Tom Homan, the 63-year-old border czar that President Donald Trump dispatched to Minnesota, built his enforcement reputation under a Democratic administration. Between 2013 and 2016, Homan's team at Immigration and Customs Enforcement (ICE) removed more than 920,000 people from the United States.
That record earned him the 2015 Presidential Rank Award for Distinguished Service from Barack Obama, the highest honour a career civil servant can receive. At the time, The Washington Post described him as someone who 'deports people. And he's really good at it'.
Small-Town Cop to Federal Enforcer
Homan was born on 28 November 1961 in West Carthage, New York. His father and grandfather both served as police officers in the same town, establishing a family pattern in law enforcement.
Homan spent the next three decades moving through immigration enforcement. He worked as a Border Patrol agent in California and Arizona for five years, then supervised operations on the Texas-Mexico border in 2003. By 2013, Obama had appointed him executive associate director of enforcement and removal operations at ICE, making him the first director to have come up through the ranks.
The Obama Years
Homan's three years running ICE enforcement operations produced large removal figures. In fiscal year 2013 alone, his team removed more than 325,000 people classified as criminal aliens, with 40 per cent convicted of aggravated felonies or multiple felonies. Between 2013 and 2016, his Enforcement and Removal Operations (ERO) unit arrested and removed 534,000 criminal aliens.
When unaccompanied children began crossing the Southwest border in 2014, Homan managed the response. His team transferred more than 55,000 children to the Office of Refugee Resettlement, a 145 per cent increase from the previous year.
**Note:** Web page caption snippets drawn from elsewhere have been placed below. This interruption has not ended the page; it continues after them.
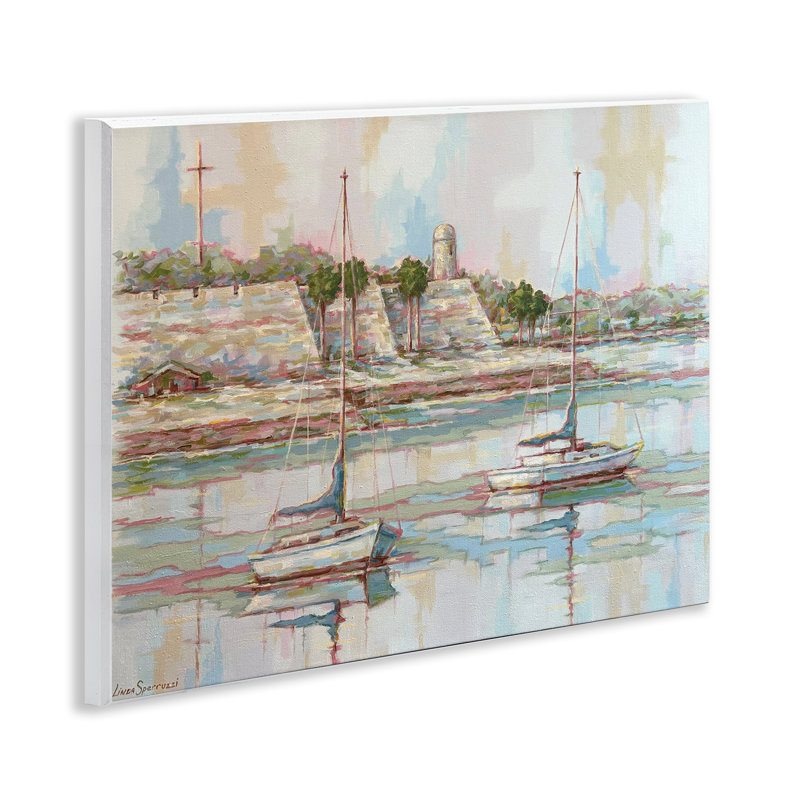Art mural matin sur les voiliers Matanzas, design par Linda Sperruche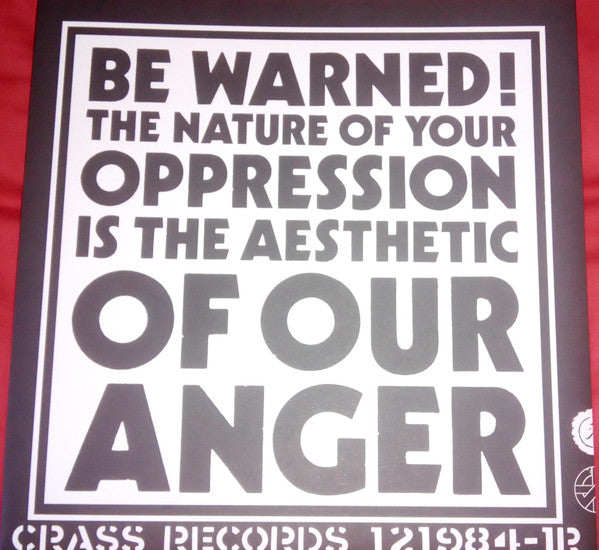 Crass – Yes Sir, I Will - new LP reissue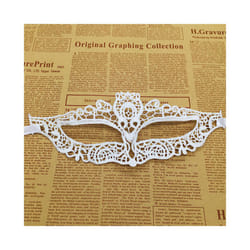 1pcs  White Sexy Lace Half Face Masks Various Styles Halloween Masquerade - 3
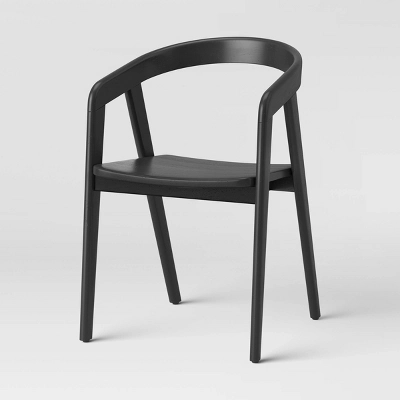 Lana Curved Back Dining Chair - Threshold™ 2 Lana Curved Back Dining Chair - Threshold™ - Image 2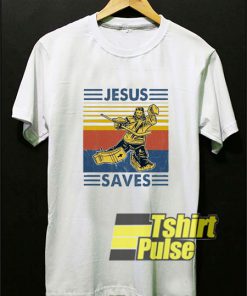 Vintage Hockey Jesus Save t-shirt for men and women tshirt
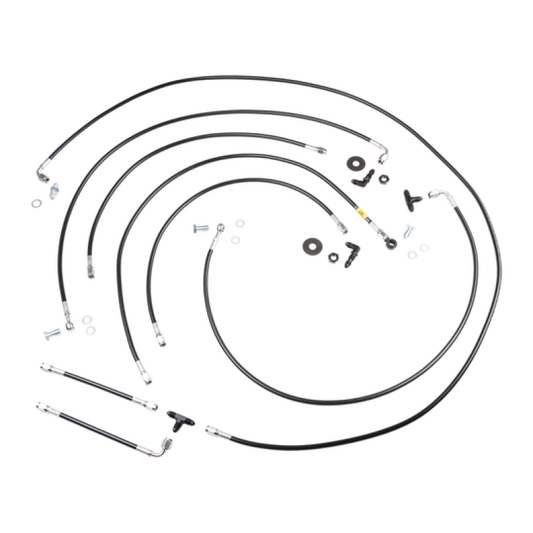 Chase Bays Toyota Chaser/Mark II/Cresta Pass Thru Single Rear Caliper OE MC Hydro Handbrake Line Kit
Federal law required ICE to hand over these children within 72 hours, and Homan ensured compliance.
The Family Separation Idea
In 2014, still under the Obama administration, Homan began advocating for the idea that separating children from parents would deter illegal crossings. Journalist Caitlin Dickerson later described him as the 'intellectual father' of family separation, saying he promoted the policy years before Trump adopted it.
'Most parents don't want to be separated', Homan told Dickerson. 'I'd be lying to you if I didn't think that would have an effect.' When Trump appointed him acting ICE director in January 2017, Homan pushed the policy further. In April 2018, he and Kevin McAleenan urged Homeland Security Secretary Kirstjen Nielsen to implement Zero Tolerance, which meant prosecuting parents and removing their children. More than 5,500 children were separated from their parents in 2018.
Married to His High School Girlfriend
Away from the headlines, Homan's been with the same woman for over 40 years. He married Elizabeth in 1980 after they met in high school back in West Carthage. She worked as a flight attendant for American Airlines before staying home after their second child was born. They have four children together.
Homan describes himself as a lifelong Catholic and attends Mass regularly. He has publicly disagreed with Pope Francis on immigration policy. When the Pope criticised border enforcement, Homan responded: 'I wish he'd stick to the Catholic Church and fix that and leave border enforcement to us. He's got a wall around the Vatican, does he not?'
Picture 2016 under Obama, CNN’s coverage of ICE agents in Chicago, showing them removing illegal immigrants to ‘make the community safer’. No outrage, just straight reporting on their mission.
— ConservativeKay1.0 (@kay_dub_h) January 17, 2026
2015, Barack Obama honored ICE leader Tom Homan with the Presidential Rank Award for… pic.twitter.com/8Oli5lLrcH
From Retirement to Border Czar
Homan left ICE in June 2018 after the White House did not push his nomination through the Senate. He joined Fox News as a contributor and later signed on with the Heritage Foundation in 2022, where he contributed to Project 2025, a blueprint that calls for mass arrests and deportations of people in the country illegally.
At the Republican National Convention last year, Homan delivered a message to immigrants in the country illegally: 'You better start packing now. 'Cause you're going home'. He promised the largest deportation operation in US history. Trump appointed him border czar in November 2024, a role that does not require Senate approval.
Trump deployed Homan to Minnesota after two US citizens were killed by federal agents in Minneapolis within three weeks. The assignment aims to stabilise the situation while maintaining enforcement pressure. Homan holds something many Trump officials do not: bipartisan credentials, having received the government's highest career award from Obama for the same work Democrats now criticise him for under Trump.